A ventidue anni pubblicò il suo primo romanzo, Il serpente, e ottenne un successo inaspettato. Venne considerato uno degli autori di maggiore talento della sua generazione. Scrisse diversi articoli, racconti e romanzi – Bambino bruciato, la raccolta I giochi della notte e i reportage di Autunno tedesco. Avrebbe dovuto essere felice, ma l’inquietudine subentrò quando si accorse che il suo lavoro era seguito dalle stesse persone che la sua ideologia rigettava: «lui che voleva scrivere per gli affamati, si rende conto che solo chi è sazio ha la calma necessaria per accorgersi della sua esistenza». La classe operaia aveva problemi più pressanti per dedicare tempo alla letteratura.
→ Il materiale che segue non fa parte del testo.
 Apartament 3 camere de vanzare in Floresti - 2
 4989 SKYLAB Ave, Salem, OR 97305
Dagerman si sentiva in trappola: intrappolato dall’idea di un talento che aveva paura di scoprire di non avere, schiavo del suo nome da non osare quasi scrivere una riga per paura di arrecargli danno. Non ammetteva consolazione perché il conforto era per lui solo una rincorsa più lunga verso la disfatta, una caduta da un piano più alto. La libertà era un concetto così importante che all’idea astratta d’indipendenza, Dagerman collegava una responsabilità individuale e collettiva, un obbligo morale che non ammetteva compromessi: «Parlo di quella libertà che deriva dal privilegio di essere padrone del proprio elemento. Il pesce ha il suo elemento, l’uccello ha il suo, l'animale di terra ha il suo. L’uomo invece si muove in questi elementi correndo tutti i rischi dell'intruso». Riprese la questione dell'elemento, una dimensione che possiamo ricondurre al contesto sociale, in Il nostro bisogno di consolazione, un testo cupo e disperato, considerato a posteriori una sorta di testamento spirituale.
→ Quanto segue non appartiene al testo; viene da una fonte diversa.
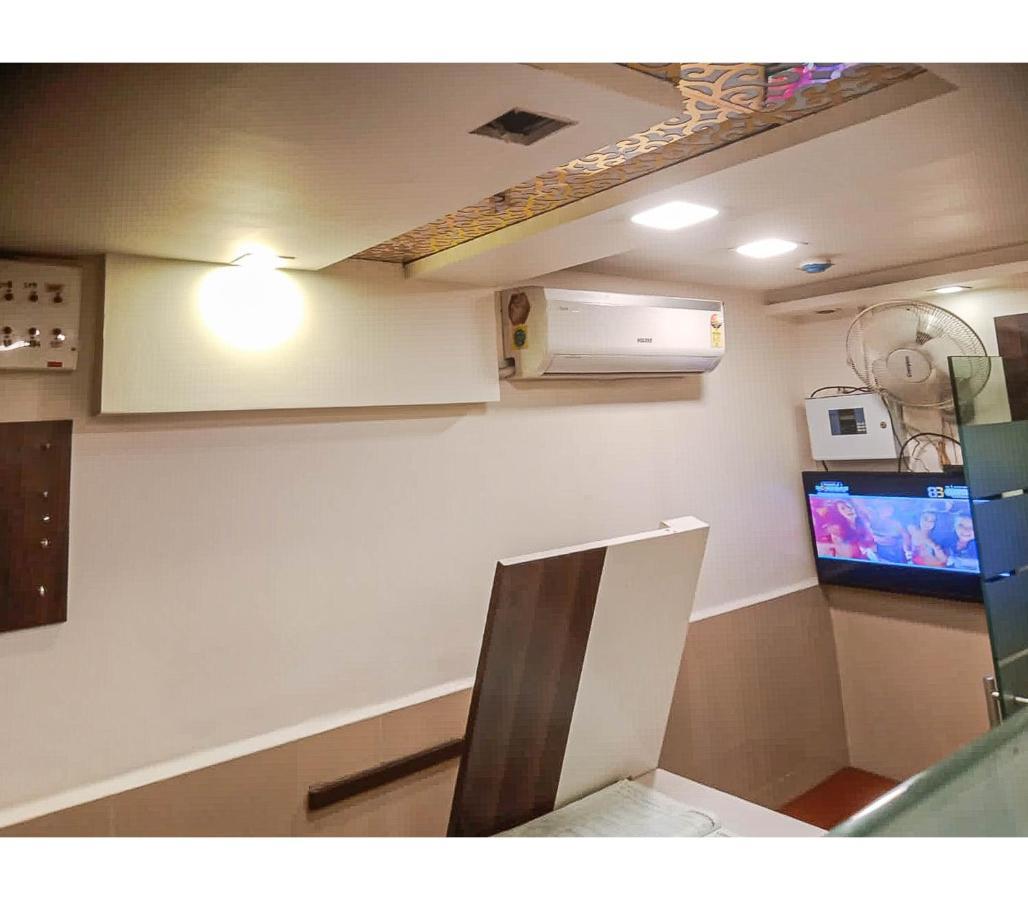 Gurukripa Nx Lodging By Wb Inn Thane Εξωτερικό φωτογραφία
Non possiedo una filosofia in cui potermi muovere come l’uccello nell’aria e il pesce nell’acqua. Tutto quello che possiedo è un duello, e questo duello viene combattuto in ogni istante della mia vita tra le false consolazioni, che solo accrescono l’impotenza e rendono più profonda la mia disperazione, e le vere consolazioni, che mi guidano a una temporanea liberazione. Dovrei forse dire: la vera consolazione, perché a rigore non c’è per me che una sola vera consolazione, e questo mi dice che sono un uomo libero, un individuo inviolabile, una persona inviolabile entro i miei limiti.
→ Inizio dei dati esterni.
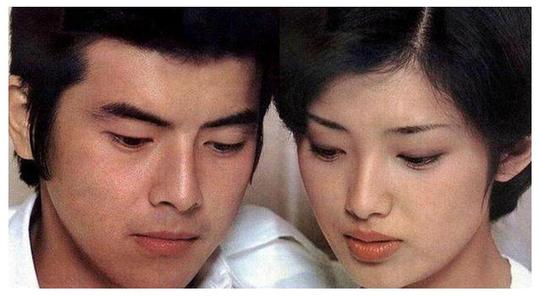 这对明星夫妻绝对不会翻车，从初恋到晚年，故事比言情小说还动人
Dagerman si chiedeva che vita fosse, la sua, dominata da ideali esaltanti ma vincolata alla paura di fallire: «il suicidio è l’unica prova della libertà umana». Anche in quest’affermazione fa eco a Camus, che nel saggio Il mito di Sisifo ammette che il suicidio è l’unico problema filosofico veramente serio. Ma se avesse seguito il pensiero del fratello francese fino alla fine, Dagerman avrebbe imparato anche che: «Viene sempre il momento in cui bisogna scegliere fra la contemplazione e l'azione. Ciò si chiama diventare un uomo. Per voi e per me questa è una liberazione». Al contrario di quel che si può pensare, a prescindere dalla conclusione che ha scelto per sé, Dagerman era un ottimista, e questo è il motivo per il quale è importante recuperare le sue opere e leggerle nella giusta ottica. Nell'articolo Il pessimismo: coraggio o moda esprime la sua avversione rispetto alle «traballanti teorie sulla malvagità umana». L’uomo non è malvagio ma un essere umiliato e offeso, una vittima della propria condizione. Ecco perché ognuno dovrebbe cercare un modo di stare nella società dei paradossi senza soffrire troppo e trovare una consolazione che brilli per più di un attimo, un motivo abbastanza valido da opporre al buio della disperazione.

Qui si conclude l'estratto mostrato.